RADİKAL

Kuzuların sessizliği

İstanbul Emniyeti’nin Beykoz’daki bir ‘hücre villasına’ yaptığı baskının ardından meydana gelen gelişmeler en soğukkanlı insanın bile kanını donduracak nitelikte.

Bir gecekondunun bahçesinde ortaya çıkarılan ‘toplu mezar’ nasıl vahşi bir terör örgütü ile karşı karşıya olduğumuzu gösteriyor.
İşin ilginç olan yönü bu örgüt tarafından kaçırılıp öldürülen ve dün de cesetleri ortaya çıkarılan vatandaşlarımızın ailelerinin uzun süre sessiz kalmaları.
Polis bir aylık süre içinde en az 10 kişinin kaçırıldığından ancak Zehra Vakfı Başkanı İzzet Yıldırım’ın ailesinin şikâyeti üzerine haberdar olabildi.
Eğer kaçırılmalar zamanında polise bildirilmiş olsaydı büyük bir ihtimalle örgüt daha önce ortaya çıkarılabilecekti.
Şimdi bu ‘sessizliğin’ nedenleri üzerinde de durmak gerekiyor.

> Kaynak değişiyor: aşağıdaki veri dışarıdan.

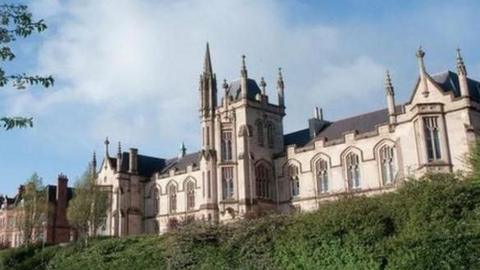 The university campus in Londonderry. A number of bushes and grassy areas can be seen in front of a Gothic-looking building with several large windows.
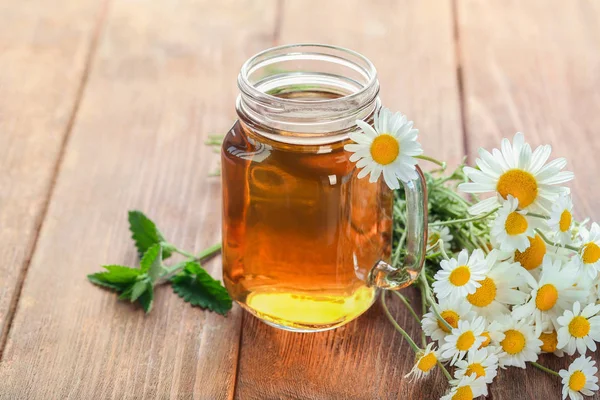 Mason jar of chamomile tea with flowers on wooden background — Stock Photo, Image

Özellikle Zehra Vakfı’nın içinde bulunduğu bağlantılar aydınlatılmalı.
Dün ortaya çıkan gelişmeler ‘İslamcı feminist’ Konca Kuriş’in de bu örgüt tarafından kaçırılıp öldürüldüğünü gösteriyor. Ayrıca Ahmet Taner Kışlalı suikastında da aynı örgütün parmağı olduğu yolunda ciddi bulgular elde edildi.
Öyle görünüyor ki Emniyet güçleri uzun süredir peşinde oldukları örgütün şifresini çözmüş bulunuyor. Çok yakında yeni sarsıcı gelişmelerle karşılaşacağımızı düşünüyorum.
Emniyet Genel Müdürlüğü’nün çalışmaları örgüte kolay kolay altından kalkmayı başaramayacağı bir darbe vurdu.
Hizbullah’ın Güneydoğu kentlerinde bir süre PKK’ya karşı kullanıldığı ve örgütün 2 bine yakın vatandaşımızın katlinden sorumlu olduğu öteden beri bilinen bir iddia.
Şimdi görev TBMM’ye düşüyor. Bu iddiaları araştırmak, bu örgütle gizli ya da açık ilişki içine giren devlet görevlilerini tespit etmek, böyle birileri varsa bunları ortaya çıkarıp cezalandırılmalarını sağlamak da böylesi geniş çaplı bir araştırma ile mümkün olabilir.
Susurluk ile ortaya çıkan karanlık ilişkiler ağının soruşturulmasında gösterilen tereddütlerin bu kez gösterilmemesi şart.
O günlerde iktidarı paylaşan RP-DYP koalisyonunun iddiaların soruşturulmasını hızlandırmak ve kolaylaştırmak bir yana adeta sorumluların korunmasına yönelik davrandığını kamuoyu unutmadı.
‘Gulu gulu dansı’, ‘mum söndü oynuyorlar’, ‘devlet için kurşun yiyen de bir, kurşun atan da’ sözleri siyasi tarihimizin utanç abideleri olarak hafızalarımızda canlılığını koruyor.
Benzeri siyasi tereddütler bu örgütün gizli destekçilerinin ve işbirlikçilerinin de yakayı kurtarmasına yol açabilir.
Sıcak operasyonlar tamamlanır tamamlanmaz hükümetin TBMM’de bu yönde bir girişim başlatması yerinde olacaktır.
Bu kez şansımız, iktidarda bu tür suç örgütlerine karşı mücadelede kararlı bir hükümetin bulunuyor olmasıdır.